Please copy exactly the part of the records below that opens with the line containing "Slide: The Image" and closes with the line containing "Blue water jade", leaving out any pictures.

The input:

[Start of section]

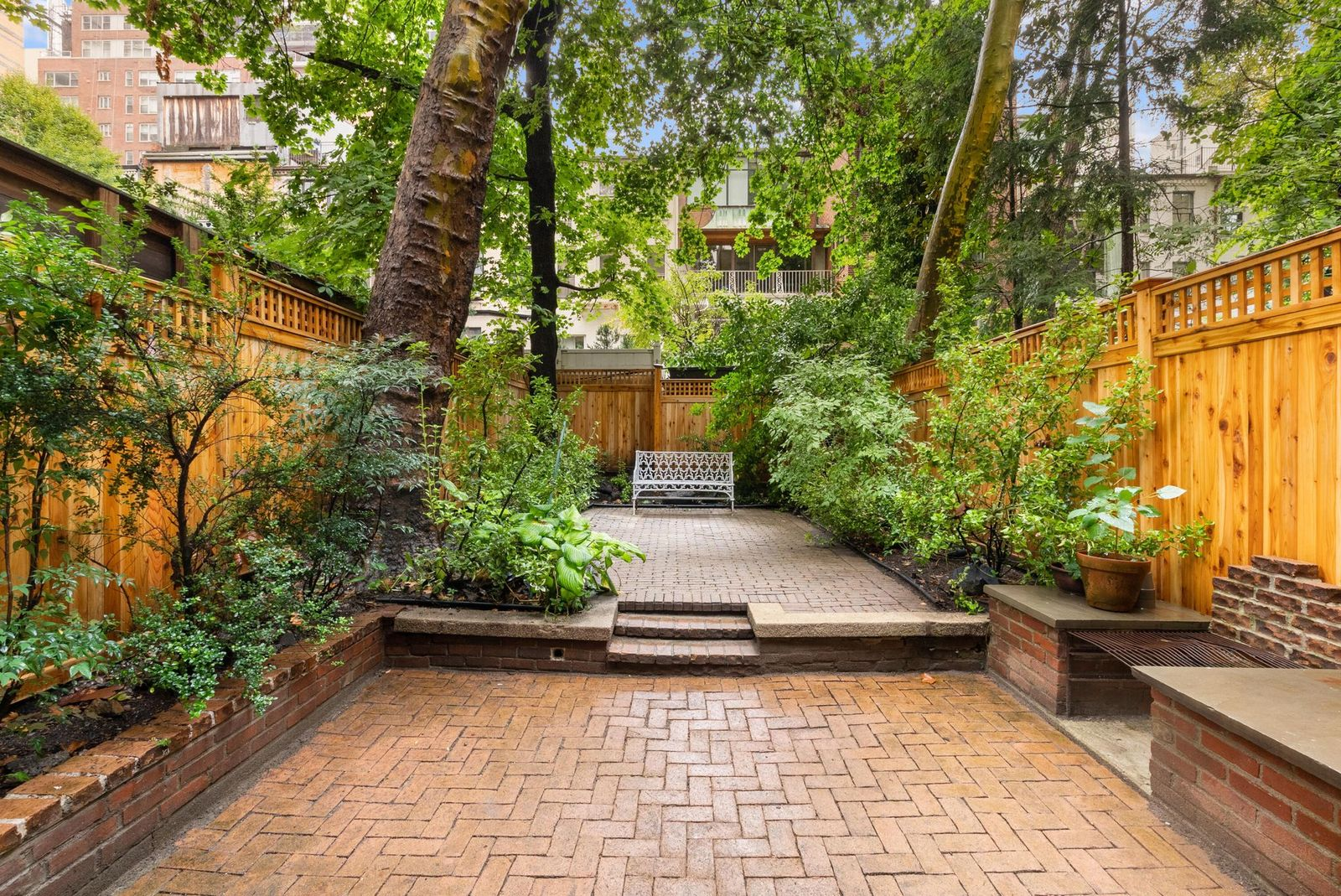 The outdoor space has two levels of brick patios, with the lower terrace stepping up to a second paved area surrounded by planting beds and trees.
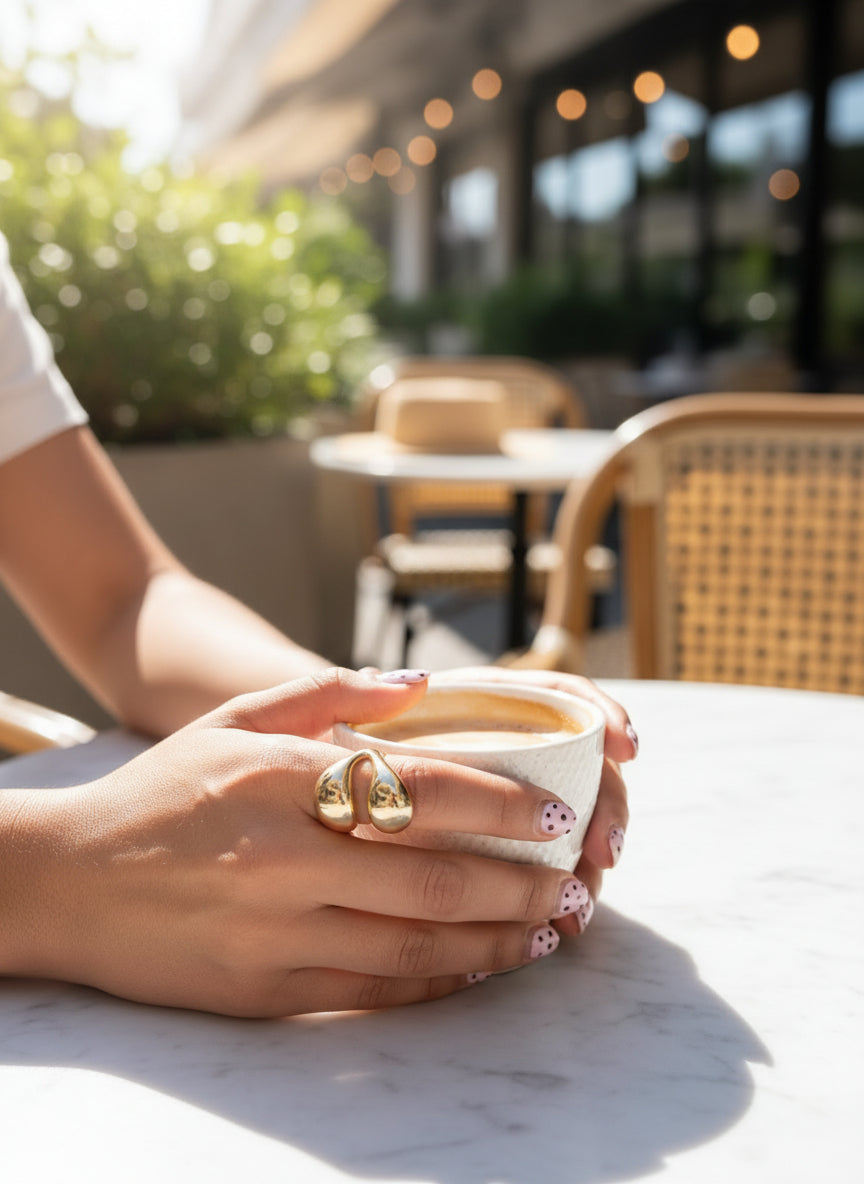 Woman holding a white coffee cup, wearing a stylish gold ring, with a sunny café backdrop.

[End of section]
[Start of section]

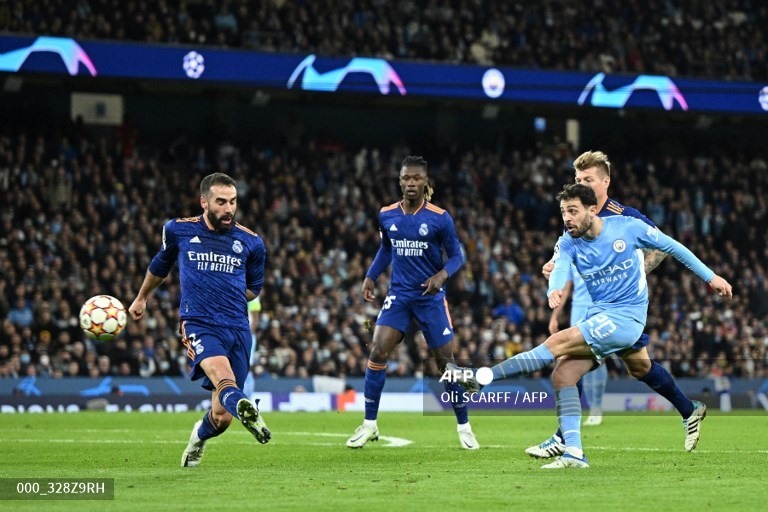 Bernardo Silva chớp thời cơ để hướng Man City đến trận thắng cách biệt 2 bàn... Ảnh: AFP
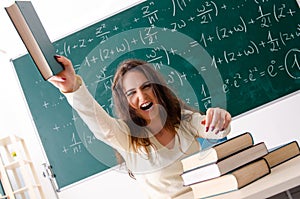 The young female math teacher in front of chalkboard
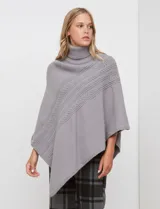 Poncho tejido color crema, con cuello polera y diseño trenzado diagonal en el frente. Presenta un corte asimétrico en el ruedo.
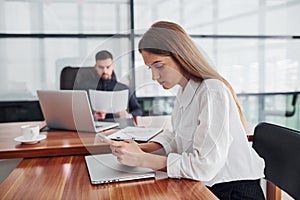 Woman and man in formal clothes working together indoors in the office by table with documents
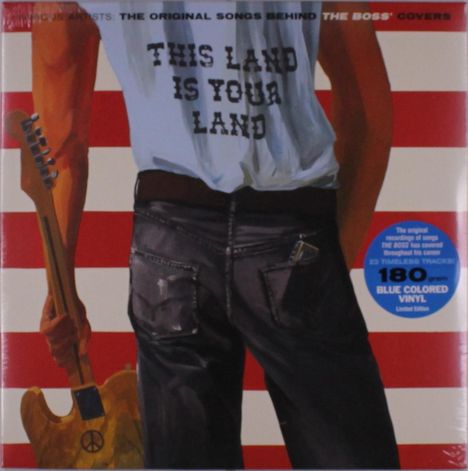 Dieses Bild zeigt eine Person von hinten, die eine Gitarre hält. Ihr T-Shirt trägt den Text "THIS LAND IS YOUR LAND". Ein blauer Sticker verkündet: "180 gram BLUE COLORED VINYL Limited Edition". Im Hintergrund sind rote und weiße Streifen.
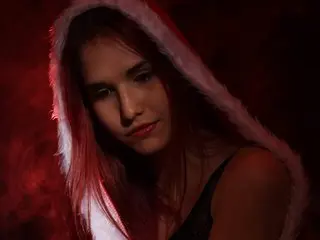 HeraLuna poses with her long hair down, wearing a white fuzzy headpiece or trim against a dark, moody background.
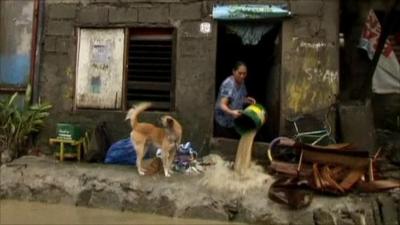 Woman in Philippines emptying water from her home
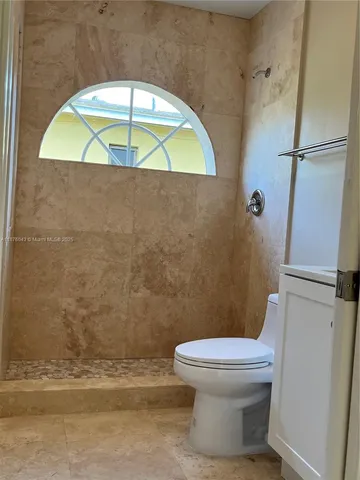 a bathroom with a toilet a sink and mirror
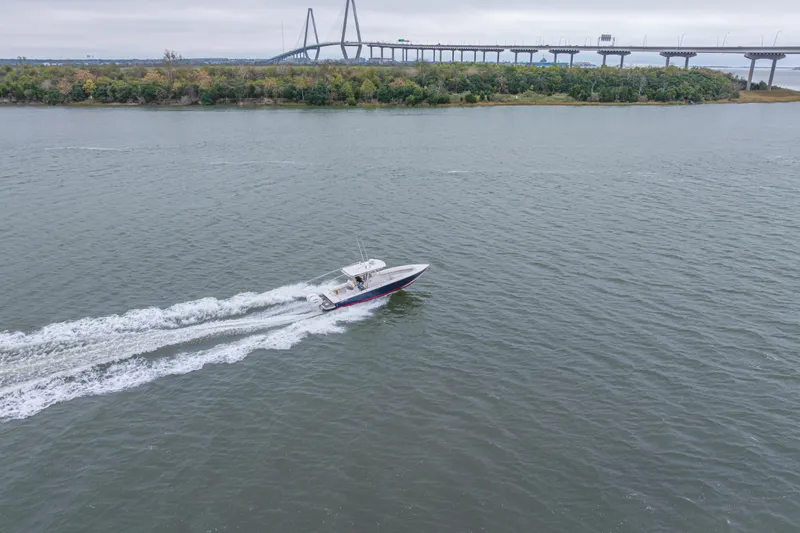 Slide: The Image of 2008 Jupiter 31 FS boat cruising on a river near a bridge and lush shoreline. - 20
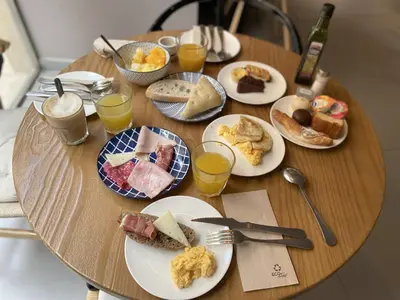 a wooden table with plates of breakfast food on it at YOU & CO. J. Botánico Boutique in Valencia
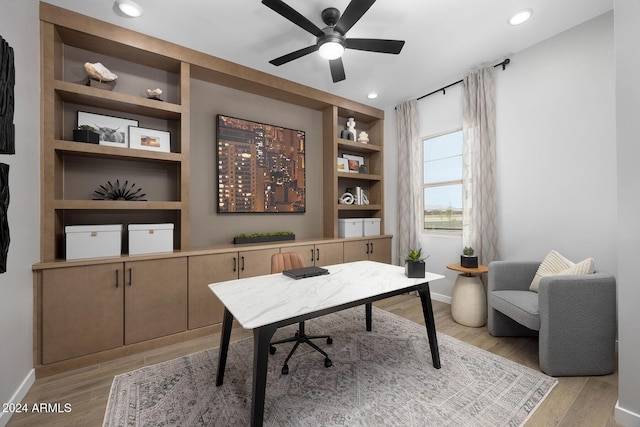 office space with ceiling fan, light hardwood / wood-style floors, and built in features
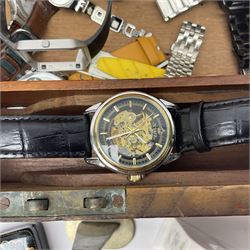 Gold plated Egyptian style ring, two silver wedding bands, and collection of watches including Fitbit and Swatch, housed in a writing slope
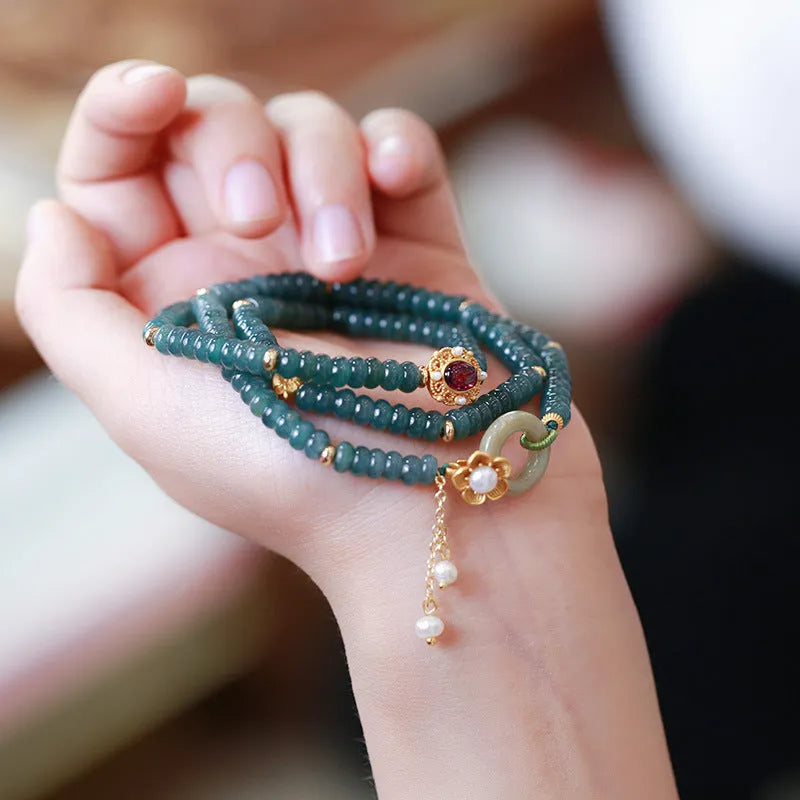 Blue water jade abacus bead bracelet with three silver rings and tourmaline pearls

[End of section]

Task response:
 Slide: The Image of 2008 Jupiter 31 FS boat cruising on a river near a bridge and lush shoreline. - 20
 a wooden table with plates of breakfast food on it at YOU & CO. J. Botánico Boutique in Valencia
 office space with ceiling fan, light hardwood / wood-style floors, and built in features
 Gold plated Egyptian style ring, two silver wedding bands, and collection of watches including Fitbit and Swatch, housed in a writing slope
 Blue water jade abacus bead bracelet with three silver rings and tourmaline pearls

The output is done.